Anderson's comments were made during a SIPA-sponsored forum, "After the Attack," which also included Gary Sick, acting director of the Middle East Institute, and Richard Bulliet, a history professor who is also part of the SIPA faculty.
The Bush Administration has focused on Saudi Arabian native Osama bin Laden, whose network may reach as many as 40 countries, as the prime suspect behind the attacks. But Sick and Bulliet cautioned against making hasty judgments about the source of the Sept. 11 tragedies.
"It is unlikely Osama bin Laden could have financed this from family money," said Bulliet, referring to bin Laden's inherited fortune. "This was a personnel and capital operation more than a materials operation.
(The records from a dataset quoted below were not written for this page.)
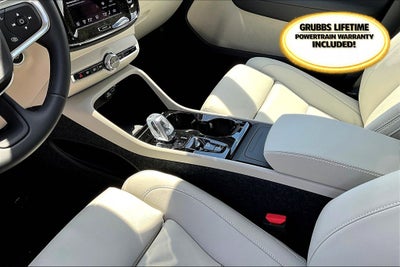 2026 Volvo XC40 B5 Plus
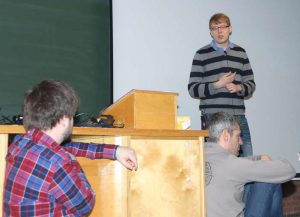 Lennart Poettering und Kay Sievers (vorne rechts) auf der Fosdem 2015.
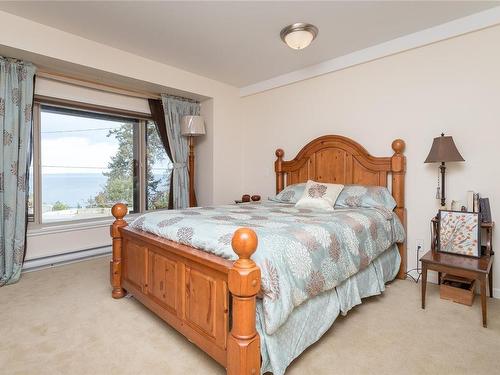 4572 Cordova Bay Rd, Saanich, BC 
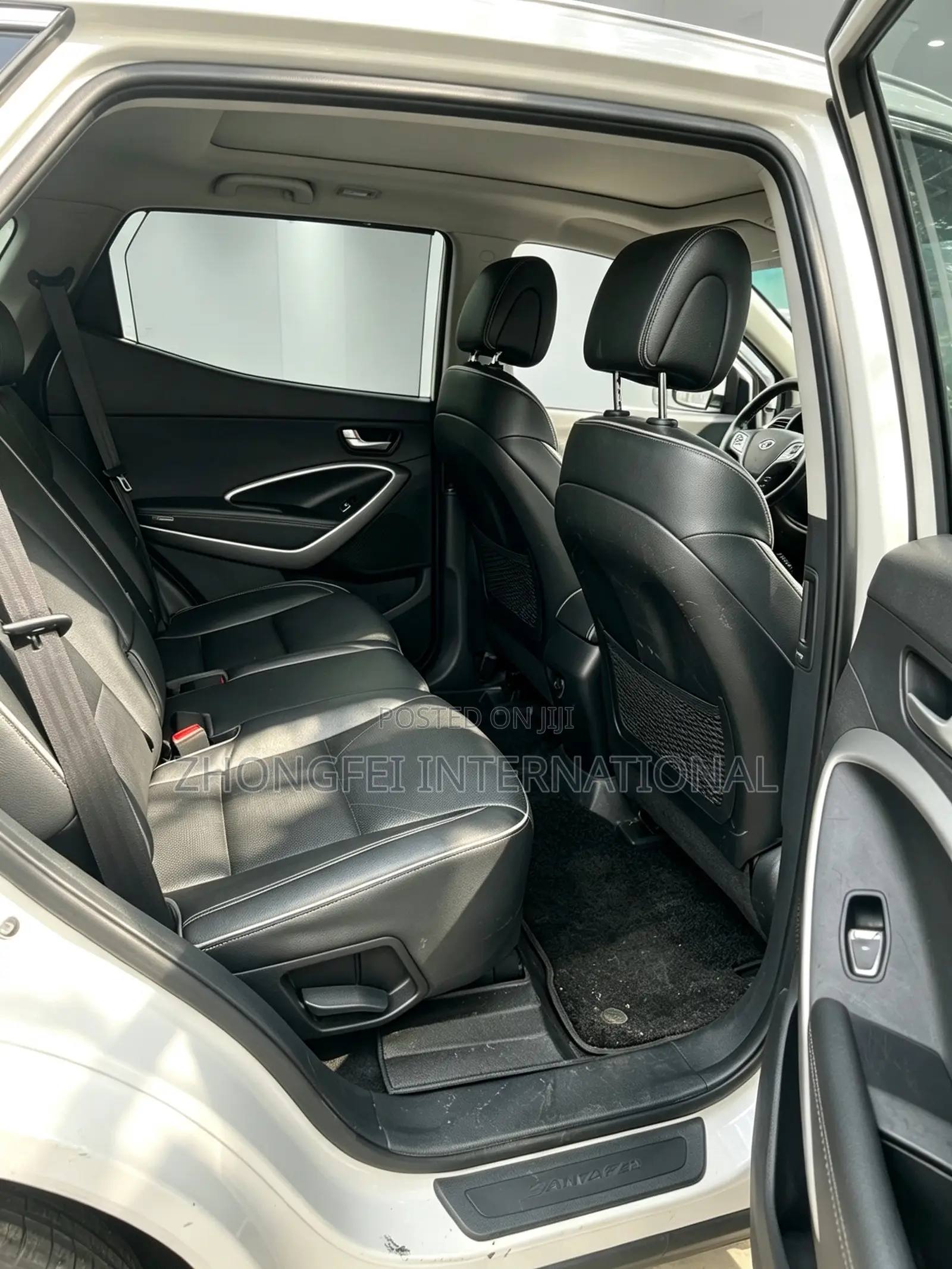 Hyundai Santa Fe 2017 White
Unless he bought Microsoft stock at just the right time, he's not just relying on what he inherited."
"Normally, investigations into terrorist activity turn up some real surprises," said Sick, noting that the U.S. originally misidentified the culprits behind the 1988 bombing of Pan Am flight 103 over Lockerbie, Scotland. "There's a lot to be said for keeping an open mind. If we universally as a nation made up our mind that it was Osama bin Laden, we'd be closing our minds to a lot of other possibilities."
Sick also said the U.S. government must think rationally in responding to the attacks.
"We must not, in effect, do what the terrorists do and kill thousands of innocent civilians," said Sick, who served in the Carter administration during the Iran hostage crisis. "We need to define our targets carefully and not make things worse.
"It's important for people to press government to make sensible decisions," he added. "Having a clear sense of where we want to come out in this is important. And right now I don't think we have a sense of our long-term objectives."
Sick specifically spoke against using assassinations to achieve U.S. aims.
"Assassinations don't change the circumstances, there is no due process, you often get the wrong people and it often sparks new cycles of violence," he said. Bulliet offered different approaches the United States and other nations could take in tracking down those behind the attacks.
"We have to keep in mind war doesn't necessarily mean combat," he said. "In this instance, the interdiction of finances is as important as any military action. We also need to look at the institutional structure of the hijackers. Where did they go to school? We need to find the institutions that advocate this."
But Bulliet added that tracing the source of the Sept. 11 attacks will be an uphill battle.
"In terrorism, usually the aims are pretty clear and they are usually low cost in monetary terms," he said. "This is something quite different. Unless we get more intelligence, we're going to have a hard time trying to understand this."